Device Roles (overview)
- CLIENT — Standard user node for sending/receiving messages.
- CLIENT_MUTE — Client with reduced chat/rebroadcast behavior to conserve airtime.
- CLIENT_HIDDEN — Client that participates without appearing prominently in lists/UIs.
- TRACKER — Focused on position reporting (GPS), minimal chat.
- LOST_AND_FOUND — Special mode for recovery/identification scenarios.
- SENSOR — Publishes sensor/system data as telemetry.
- TAK — Integrates with Team Awareness Kit features.
- TAK_TRACKER — TAK‑focused tracking (position reporting).
- REPEATER — Extends coverage; not shown in standard node lists.
- ROUTER — Extends coverage; shown in node lists.
- ROUTER_LATE — Router variant tuned for later/delayed relays.
- Router — Coverage‑extending node visible in node lists.
- ROUTER_LATE — Role variant tuned for delayed/late relaying. See Role.
- rp2040 — Raspberry Pi microcontroller used in some boards.
- RSSI (Received Signal Strength Indicator) — Measure of received signal power.
S
- RX (Receive) — Receiving data on the radio.
- Sensor — A node role or device function publishing environmental/system data.
- Serial — USB/UART link used by CLI and for flashing firmware.
- SNR (Signal‑to‑Noise Ratio) — Measure of signal clarity vs. noise.
- Spread(ing) Factor (SF) — LoRa parameter controlling chirp length; higher SF increases range and airtime, reduces data rate.

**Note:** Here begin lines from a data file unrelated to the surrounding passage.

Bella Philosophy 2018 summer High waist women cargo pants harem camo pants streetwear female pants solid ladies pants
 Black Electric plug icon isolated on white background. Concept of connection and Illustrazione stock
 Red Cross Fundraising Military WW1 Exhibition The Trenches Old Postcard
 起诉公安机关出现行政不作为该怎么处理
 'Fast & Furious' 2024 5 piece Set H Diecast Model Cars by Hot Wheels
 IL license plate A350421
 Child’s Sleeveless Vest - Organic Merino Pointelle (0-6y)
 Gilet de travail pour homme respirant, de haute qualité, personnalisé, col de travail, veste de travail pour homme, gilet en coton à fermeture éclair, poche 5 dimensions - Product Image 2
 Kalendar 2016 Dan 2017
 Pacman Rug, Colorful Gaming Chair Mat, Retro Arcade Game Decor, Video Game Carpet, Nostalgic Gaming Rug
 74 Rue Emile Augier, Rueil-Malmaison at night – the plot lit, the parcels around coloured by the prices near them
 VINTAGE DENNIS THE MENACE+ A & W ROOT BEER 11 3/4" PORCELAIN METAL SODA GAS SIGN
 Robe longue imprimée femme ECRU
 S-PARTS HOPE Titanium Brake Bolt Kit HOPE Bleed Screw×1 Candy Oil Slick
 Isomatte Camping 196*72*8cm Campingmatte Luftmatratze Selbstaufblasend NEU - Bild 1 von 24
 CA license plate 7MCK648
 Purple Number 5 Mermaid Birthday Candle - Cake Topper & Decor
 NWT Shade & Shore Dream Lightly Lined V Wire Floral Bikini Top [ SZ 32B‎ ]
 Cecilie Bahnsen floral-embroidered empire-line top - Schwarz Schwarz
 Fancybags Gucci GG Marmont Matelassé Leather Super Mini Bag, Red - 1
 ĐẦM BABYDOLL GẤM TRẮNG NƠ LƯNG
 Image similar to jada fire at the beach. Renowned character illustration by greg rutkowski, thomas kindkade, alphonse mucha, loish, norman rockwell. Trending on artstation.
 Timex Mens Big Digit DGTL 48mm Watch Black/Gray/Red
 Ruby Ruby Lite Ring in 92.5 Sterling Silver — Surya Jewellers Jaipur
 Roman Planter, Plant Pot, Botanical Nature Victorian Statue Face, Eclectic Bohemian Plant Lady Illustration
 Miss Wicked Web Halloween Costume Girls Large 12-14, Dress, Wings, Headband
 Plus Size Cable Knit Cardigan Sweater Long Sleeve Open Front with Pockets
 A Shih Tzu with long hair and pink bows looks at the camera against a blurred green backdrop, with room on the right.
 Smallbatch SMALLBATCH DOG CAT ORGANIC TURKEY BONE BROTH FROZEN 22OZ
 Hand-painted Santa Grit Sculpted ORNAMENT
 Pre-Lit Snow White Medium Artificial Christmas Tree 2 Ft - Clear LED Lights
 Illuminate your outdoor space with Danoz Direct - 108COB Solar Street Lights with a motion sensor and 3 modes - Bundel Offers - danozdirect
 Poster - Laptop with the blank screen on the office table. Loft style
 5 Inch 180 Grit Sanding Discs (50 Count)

- SWR (Standing Wave Ratio) — RF measure of antenna/feedline match quality.
T
- TAK / TAK Tracker — Roles supporting Team Awareness Kit integrations, typically focused on position reporting and limited chat.
- Telemetry — Periodic transmission of sensor, GPS, and/or system metrics from a node.
- TX (Transmit) — Sending data on the radio.
U
- UART — Hardware serial interface used for logging, CLI, and debugging.
- Uplink / Downlink — Directional terms sometimes used around gateways/bridges: uplink (mesh → server), downlink (server → mesh), especially with MQTT.
V
- VERY_LONG_SLOW — See Modem Preset.
- Voltage (Battery Voltage) — Telemetry metric many nodes advertise to indicate power status.
W
- Web UI — Some devices/platforms expose a local web-based configuration/status page (varies by hardware/firmware build).
- Wi‑Fi — On supported ESP32 devices, can be used for features like MQTT bridging or a web UI.